The client ID for authentication. Falls back to the RAPIDATA_CLIENT_ID environment variable when omitted.

None
client_secret str

The client secret for authentication. Falls back to the RAPIDATA_CLIENT_SECRET environment variable when omitted.

None
environment str

The API endpoint. Falls back to the RAPIDATA_ENVIRONMENT environment variable, and then to "rapidata.ai".

None
oauth_scope str

The scopes to use for authentication. In general this does not need to be changed.

'openid roles email'
cert_path str

An optional path to a certificate file useful for development.

None
token dict

If you already have a token that the client should use for authentication. Important, if set, this needs to be the complete token object containing the access token, token type and expiration time.

None
leeway int

An optional leeway to use to determine if a token is expired. Defaults to 60 seconds.

60

Attributes:

Name Type Description
order RapidataOrderManager

The RapidataOrderManager instance.

validation ValidationSetManager

The ValidationSetManager instance.

flow RapidataFlowManager

The RapidataFlowManager instance.

audience RapidataAudienceManager

The RapidataAudienceManager instance.

job JobManager

The JobManager instance.

mri RapidataBenchmarkManager

The RapidataBenchmarkManager instance.

Source code in src/rapidata/rapidata_client/rapidata_client.py
def __init__(
    self,
    client_id: str | None = None,
    client_secret: str | None = None,
    environment: str | None = None,
    oauth_scope: str = "openid roles email",
    cert_path: str | None = None,
    token: dict | None = None,
    leeway: int = 60,
):
    """Initialize the RapidataClient.

    Credentials are resolved in the following order:

    1. ``client_id`` / ``client_secret`` passed explicitly to this
       constructor.
    2. The ``RAPIDATA_CLIENT_ID`` / ``RAPIDATA_CLIENT_SECRET``
       environment variables (useful for headless / container
       deployments).
    3. Credentials stored under ``~/.config/rapidata/credentials.json``.
    4. Interactive browser login, which then saves credentials to the
       file above so you don't have to log in again.

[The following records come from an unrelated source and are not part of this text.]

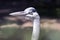 Grey heron Portrait looking stubborn grumpy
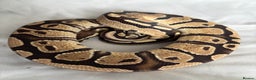 Python Snake reptiles for sale: Young Ball pythons  - Advert 1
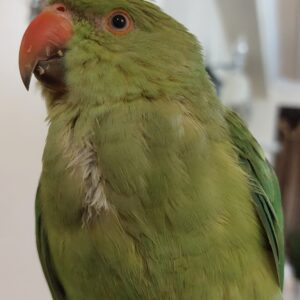 طوطی ملنگو گمشده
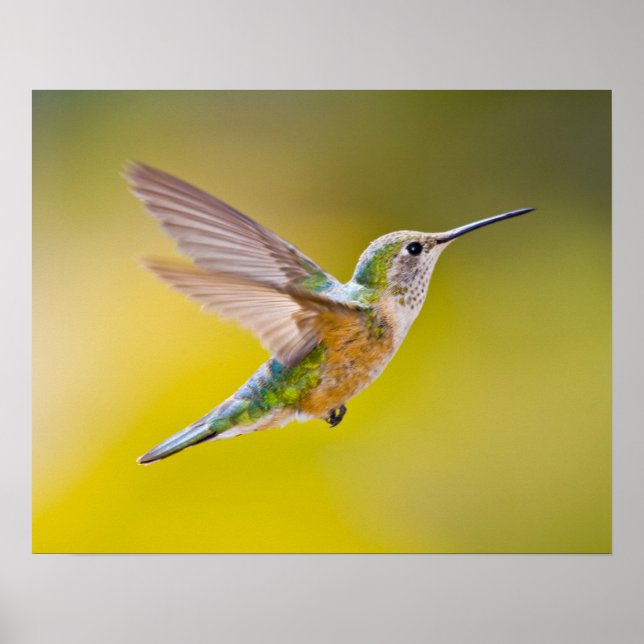 USA, Colorado, Summit County, Heeney. Side view Poster (Front)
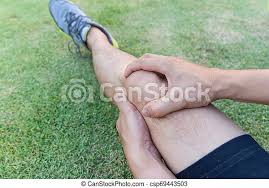 Instead of straight lines, their collagen becomes kinked. Tendon Knee Joint Problems On Man S Leg Tendon Knee Joint Problems On Man Leg From Exercise In The Stadium Canstock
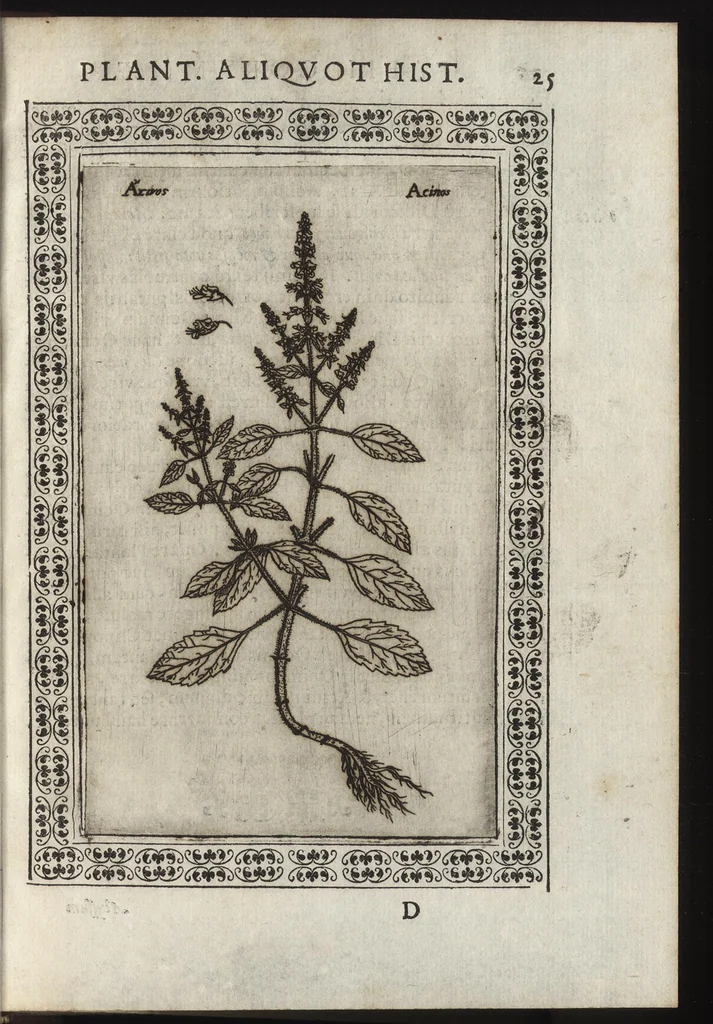 An illustration from Phytobasanos, sive plantarvm aliqvot historia : in qva describvntvr diversi generis plantæ veriores, ac magis facie, viribúsque respondentes antiquorum Theophrasti, Dioscoridis, Plinij, Galeni, aliorúmque delineationibus, ab alijs hucusque non animaduersæ, 1592, leaf 48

    The ``environment`` argument follows the same pattern: when omitted
    it falls back to the ``RAPIDATA_ENVIRONMENT`` environment variable,
    and finally to the default ``"rapidata.ai"``.

    Args:
        client_id (str): The client ID for authentication. Falls back to
            the ``RAPIDATA_CLIENT_ID`` environment variable when omitted.
        client_secret (str): The client secret for authentication. Falls
            back to the ``RAPIDATA_CLIENT_SECRET`` environment variable
            when omitted.
        environment (str, optional): The API endpoint. Falls back to the
            ``RAPIDATA_ENVIRONMENT`` environment variable, and then to
            ``"rapidata.ai"``.
        oauth_scope (str, optional): The scopes to use for authentication. In general this does not need to be changed.
        cert_path (str, optional): An optional path to a certificate file useful for development.
        token (dict, optional): If you already have a token that the client should use for authentication. Important, if set, this needs to be the complete token object containing the access token, token type and expiration time.
        leeway (int, optional): An optional leeway to use to determine if a token is expired. Defaults to 60 seconds.

    Attributes:
        order (RapidataOrderManager): The RapidataOrderManager instance.
        validation (ValidationSetManager): The ValidationSetManager instance.
        flow (RapidataFlowManager): The RapidataFlowManager instance.
        audience (RapidataAudienceManager): The RapidataAudienceManager instance.
        job (JobManager): The JobManager instance.
        mri (RapidataBenchmarkManager): The RapidataBenchmarkManager instance.
    """
    tracer.set_session_id(
        uuid.UUID(int=random.Random().getrandbits(128), version=4).hex
    )

    # Fall back to RAPIDATA_CLIENT_ID / RAPIDATA_CLIENT_SECRET /
    # RAPIDATA_ENVIRONMENT when the caller didn't pass them explicitly.
    # Empty env vars are treated as unset so we fall through to the
    # next layer (credential file / browser flow, or the default env).
    if client_id is None:
        client_id = os.environ.get("RAPIDATA_CLIENT_ID") or None
    if client_secret is None:
        client_secret = os.environ.get("RAPIDATA_CLIENT_SECRET") or None
    if environment is None:
        environment = os.environ.get("RAPIDATA_ENVIRONMENT") or "rapidata.ai"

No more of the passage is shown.